External Supervision:
Weichselbaumer Christoph (BE R UPE TEST) (Christoph.Weichselbaumer@infineon.com)

Working Tittle:
Synthetic data creation of defect images for CNN training using GAN

Research Question:
Can the use of Generative Adversarial Networks (GANs) for generating synthetic data of particles and scratches on a transparent background improve the accuracy of Convolutional Neural Networks (CNNs) in defect detection?

Description:
The proposed Master’s thesis aims to address the challenge of providing ground truth for model training in AI use-cases, specifically in the context of detecting defects in products. Currently, the process of manual review and labeling of images for CNN [1] training is highly time-consuming and costly, and the most critical and relevant defects are often the least present in real data due to the design of products to minimize such defects. Moreover, data shifts in production can also affect the training of models.
To overcome these challenges, the proposed Master’s thesis will focus on the use of Generative Adversarial Networks (GANs) [2],[3], [4] to generate synthetic data for the minority classes for CNN training. The goal of the thesis is to create one or more GANs that are capable of generating defect images of particles and scratches on a transparent background, and to evaluate the performance of these generated images by measuring their classification accuracy using an existing CNN [5].

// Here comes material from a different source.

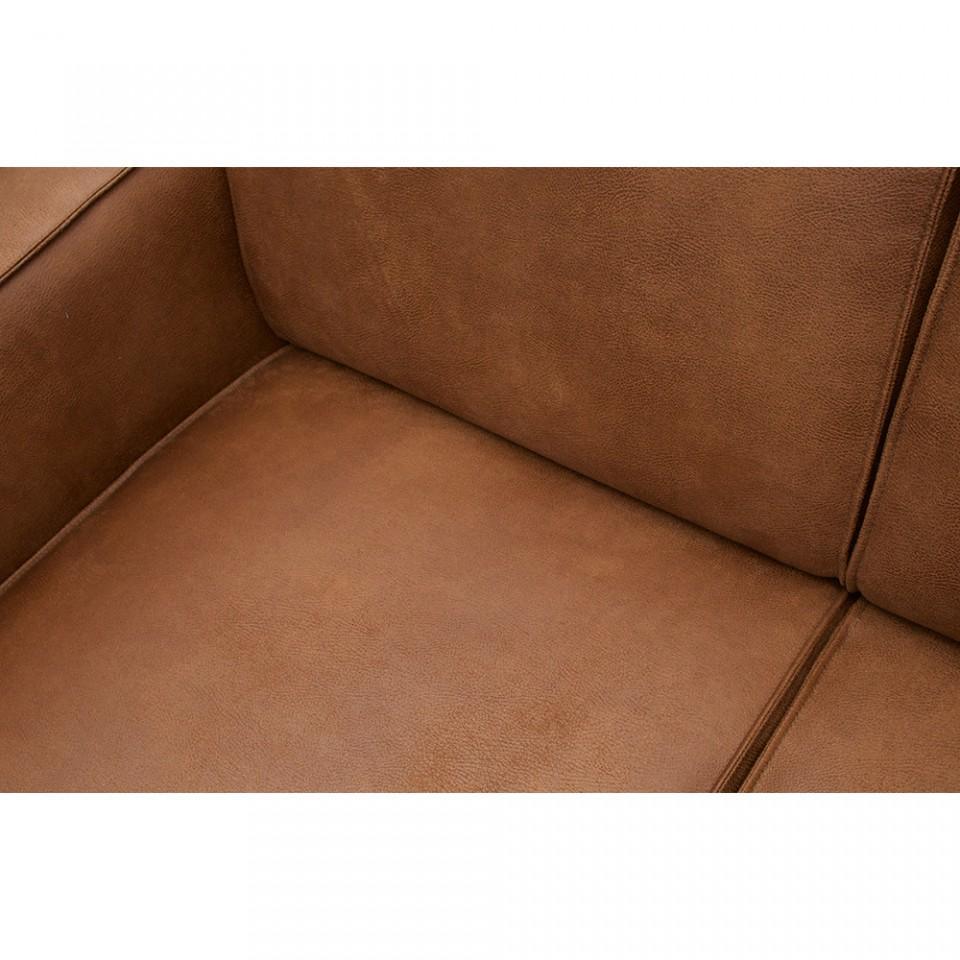 Canapea cu colt din piele maro Statement Cognac Right - PARIS14A.RO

The proposed research will involve two sub-targets:
1. Developing GANs capable of generating defect images of particles and scratches on a transparent background.
2. Creating GANs capable of image-to-image translation to generate defect images of particles and scratches.
The focus of the research will be on generating defect images on a transparent background, with image-to-image translation considered an optional target depending on the progress of the research.

The approach to using GANs involves using existing defect image datasets for training, and then generating synthetic images to fill gaps in the real data. The GANs will be trained to generate synthetic images of particles and scratches on a transparent background, and these images will be combined with a “golden die” background to create an enhanced dataset for CNN training.
The suggested topic has the potential to significantly reduce the time and cost associated with manual review and labeling of images for CNN training, and to provide a more diverse and relevant dataset for model training. The proposed approach can also be applied to other defect types, such as stains and chipping, to further enhance the dataset for CNN training.

Literature:
[1]. O’Shea, Keiron, and Ryan Nash. “An introduction to convolutional neural networks.” arXiv preprint arXiv:1511.08458 (2015).
[2]. Ali, Safinah, Daniella DiPaola, and Cynthia Breazeal. “What are GANs? introducing generative adversarial networks to middle school students.” Proceedings of the AAAI Conference on Artificial Intelligence. Vol. 35. No. 17. 2021.
[3]. Figueira, Alvaro, and Bruno Vaz. “Survey on synthetic data generation, evaluation methods and GANs.” Mathematics 10.15 (2022): 2733.
[4]. Eilertsen, Gabriel, et al. “Ensembles of GANs for synthetic training data generation.” arXiv preprint arXiv:2104.11797 (2021).
[5]. Buda, Mateusz, Atsuto Maki, and Maciej A. Mazurowski. “A systematic study of the class imbalance problem in convolutional neural networks.” Neural networks 106 (2018): 249-259.